## EXERCISE GOAL
All of the data must be retyped exactly, with nothing left out.
------ ENTRIES SHOWN
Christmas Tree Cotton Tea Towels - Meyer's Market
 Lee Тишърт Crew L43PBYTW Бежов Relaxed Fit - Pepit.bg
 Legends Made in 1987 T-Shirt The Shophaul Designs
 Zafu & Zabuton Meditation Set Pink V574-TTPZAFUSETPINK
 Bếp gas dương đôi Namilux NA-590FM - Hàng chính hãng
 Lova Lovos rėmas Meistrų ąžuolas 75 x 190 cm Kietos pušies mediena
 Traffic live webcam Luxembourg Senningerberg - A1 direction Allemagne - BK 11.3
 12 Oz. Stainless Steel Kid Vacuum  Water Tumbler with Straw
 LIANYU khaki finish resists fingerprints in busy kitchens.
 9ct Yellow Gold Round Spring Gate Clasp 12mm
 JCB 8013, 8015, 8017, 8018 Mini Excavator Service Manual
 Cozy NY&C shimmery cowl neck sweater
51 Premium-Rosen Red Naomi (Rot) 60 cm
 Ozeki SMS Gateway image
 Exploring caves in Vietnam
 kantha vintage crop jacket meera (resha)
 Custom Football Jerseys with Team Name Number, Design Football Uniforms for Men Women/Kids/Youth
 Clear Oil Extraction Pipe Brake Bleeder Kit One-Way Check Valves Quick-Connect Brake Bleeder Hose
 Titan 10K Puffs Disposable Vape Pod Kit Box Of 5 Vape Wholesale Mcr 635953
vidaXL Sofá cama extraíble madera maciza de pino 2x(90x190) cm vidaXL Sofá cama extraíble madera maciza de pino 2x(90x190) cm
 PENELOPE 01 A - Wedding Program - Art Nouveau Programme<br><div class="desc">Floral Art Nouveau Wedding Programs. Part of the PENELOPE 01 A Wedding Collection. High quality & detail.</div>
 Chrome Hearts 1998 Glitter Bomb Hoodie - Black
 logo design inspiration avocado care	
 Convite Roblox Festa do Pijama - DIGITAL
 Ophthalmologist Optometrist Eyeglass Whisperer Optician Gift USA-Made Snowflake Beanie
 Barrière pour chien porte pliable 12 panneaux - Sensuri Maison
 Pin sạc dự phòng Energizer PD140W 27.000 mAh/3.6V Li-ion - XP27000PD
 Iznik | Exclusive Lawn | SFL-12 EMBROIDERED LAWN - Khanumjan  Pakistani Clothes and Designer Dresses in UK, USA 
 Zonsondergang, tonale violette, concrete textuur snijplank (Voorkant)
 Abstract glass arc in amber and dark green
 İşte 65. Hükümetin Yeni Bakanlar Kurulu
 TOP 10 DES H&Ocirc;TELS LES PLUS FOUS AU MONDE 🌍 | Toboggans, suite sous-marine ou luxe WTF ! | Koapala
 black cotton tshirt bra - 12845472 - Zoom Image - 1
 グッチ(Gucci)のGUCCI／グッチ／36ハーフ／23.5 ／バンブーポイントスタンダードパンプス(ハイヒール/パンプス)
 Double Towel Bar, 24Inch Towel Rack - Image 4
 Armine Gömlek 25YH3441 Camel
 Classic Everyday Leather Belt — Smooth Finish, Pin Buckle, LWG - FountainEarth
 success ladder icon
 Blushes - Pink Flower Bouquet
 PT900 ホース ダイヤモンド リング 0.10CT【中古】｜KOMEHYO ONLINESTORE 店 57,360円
------------
## RESPONSE AREA
Christmas Tree Cotton Tea Towels - Meyer's Market
 Lee Тишърт Crew L43PBYTW Бежов Relaxed Fit - Pepit.bg
 Legends Made in 1987 T-Shirt The Shophaul Designs
 Zafu & Zabuton Meditation Set Pink V574-TTPZAFUSETPINK
 Bếp gas dương đôi Namilux NA-590FM - Hàng chính hãng
 Lova Lovos rėmas Meistrų ąžuolas 75 x 190 cm Kietos pušies mediena
 Traffic live webcam Luxembourg Senningerberg - A1 direction Allemagne - BK 11.3
 12 Oz. Stainless Steel Kid Vacuum  Water Tumbler with Straw
 LIANYU khaki finish resists fingerprints in busy kitchens.
 9ct Yellow Gold Round Spring Gate Clasp 12mm
 JCB 8013, 8015, 8017, 8018 Mini Excavator Service Manual
 Cozy NY&C shimmery cowl neck sweater
51 Premium-Rosen Red Naomi (Rot) 60 cm
 Ozeki SMS Gateway image
 Exploring caves in Vietnam
 kantha vintage crop jacket meera (resha)
 Custom Football Jerseys with Team Name Number, Design Football Uniforms for Men Women/Kids/Youth
 Clear Oil Extraction Pipe Brake Bleeder Kit One-Way Check Valves Quick-Connect Brake Bleeder Hose
 Titan 10K Puffs Disposable Vape Pod Kit Box Of 5 Vape Wholesale Mcr 635953
vidaXL Sofá cama extraíble madera maciza de pino 2x(90x190) cm vidaXL Sofá cama extraíble madera maciza de pino 2x(90x190) cm
 PENELOPE 01 A - Wedding Program - Art Nouveau Programme<br><div class="desc">Floral Art Nouveau Wedding Programs. Part of the PENELOPE 01 A Wedding Collection. High quality & detail.</div>
 Chrome Hearts 1998 Glitter Bomb Hoodie - Black
 logo design inspiration avocado care	
 Convite Roblox Festa do Pijama - DIGITAL
 Ophthalmologist Optometrist Eyeglass Whisperer Optician Gift USA-Made Snowflake Beanie
 Barrière pour chien porte pliable 12 panneaux - Sensuri Maison
 Pin sạc dự phòng Energizer PD140W 27.000 mAh/3.6V Li-ion - XP27000PD
 Iznik | Exclusive Lawn | SFL-12 EMBROIDERED LAWN - Khanumjan  Pakistani Clothes and Designer Dresses in UK, USA 
 Zonsondergang, tonale violette, concrete textuur snijplank (Voorkant)
 Abstract glass arc in amber and dark green
 İşte 65. Hükümetin Yeni Bakanlar Kurulu
 TOP 10 DES H&Ocirc;TELS LES PLUS FOUS AU MONDE 🌍 | Toboggans, suite sous-marine ou luxe WTF ! | Koapala
 black cotton tshirt bra - 12845472 - Zoom Image - 1
 グッチ(Gucci)のGUCCI／グッチ／36ハーフ／23.5 ／バンブーポイントスタンダードパンプス(ハイヒール/パンプス)
 Double Towel Bar, 24Inch Towel Rack - Image 4
 Armine Gömlek 25YH3441 Camel
 Classic Everyday Leather Belt — Smooth Finish, Pin Buckle, LWG - FountainEarth
 success ladder icon
 Blushes - Pink Flower Bouquet
 PT900 ホース ダイヤモンド リング 0.10CT【中古】｜KOMEHYO ONLINESTORE 店 57,360円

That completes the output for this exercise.